Kırk beş sene evvel, o fecrin emareleri göründü. Yetmiş Birde fecr-i sadık başladı veya başlayacak. Eğer bu fecr-i kâzib de olsa, otuz-kırk sene sonra fecr-i sadık çıkacak.
Evet hakikat-ı İslâmiyetin mazi kıt’asını tamamen istilâsına sekiz dehşetli maniler mümanaat ettiler.
Birinci, ikinci, üçüncü mâniler: Ecnebilerin cehli ve o zamanda vahşetleri ve dinlerine taassublarıdır. Bu üç mani, marifet ve medeniyetin mehasini ile kırıldı, dağılmaya başlıyor.
Dördüncü ve beşinci mâniler: Papazların ve ruhanî reislerin riyasetleri ve tahakkümleri ve ecnebilerin körü körüne onları taklid etmeleridir. Bu iki mâni dahi; fikr-i hürriyet ve meyl-i taharri-i hakikat nev-i beşerde başlamasıyla zeval bulmaya başlıyor.
Altıncı, yedinci mâniler: Bizdeki istibdat ve şeriatın muhalefetinden gelen sû-i ahlâkımız mümânaat ediyordular.

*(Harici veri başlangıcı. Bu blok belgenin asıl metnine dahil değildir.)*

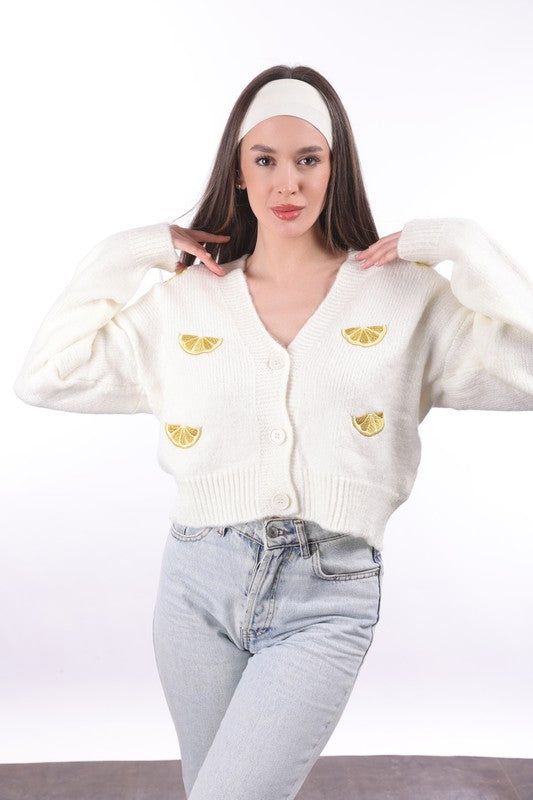 Women’s Lemon Embroidered Knit Cardigan White Button Up Sweater Long Sleeve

Bir şahısdaki münferid istibdat kuvveti şimdi zevâl bulması, cemaat ve komitenin dehşetli istibdatlarının otuz-kırk sene sonra zevâl bulmasına işaret etmekle ve hamiyet-i İslâmiyenin şiddetli feveranıyla ve sû-i ahlâkın çirkin neticeleri görünmesiyle bu iki mâni de zeval buluyor ve bulmaya başlamış. İnşaallah tam zeval bulacak.
Sekizinci mâni: Fünun-u cedîdenin bazı müsbet mesaili, hakaik-ı İslâmiyenin zâhirî manalarına muhalif ve muarız tevehhüm edilmesiyle, zaman-ı mâzideki istilâsına bir derece sed çekmiş. Meselâ: Küre-i arz’a emr-i ilâhî ile nezarete memur Sevr ve Hut namlarında iki ruhanî melâikeyi, dehşetli cismanî bir öküz, bir balık tevehhüm edip, ehl-i fen ve felsefe hakikati bilmediklerinden İslâmiyete muarız çıkmışlar. Bu misal gibi yüz misal var ki, hakikati bilindikten sonra en muannid feylesof da teslim olmağa mecbur oluyor. (Hattâ Risale-i Nur, Mucizat-ı Kur’aniye Risalesinde, fennin iliştiği bütün ayetlerin her birisinin altında Kur’an’ın bir lem’a-i i’cazını gösterip, ehl-i fennin medar-ı tenkid zannettikleri Kur’an-ı Kerimin cümle ve kelimelerinde fennin eli yetişmediği yüksek hakikatleri izhar edip, en muannid feylesofu da teslime mecbur ediyor. Meydandadır, istiyen bakabilir. Ve baksın. Bu mâni, kırk beş sene evvel söylenen o sözden sonra nasıl kırıldığını görsün.)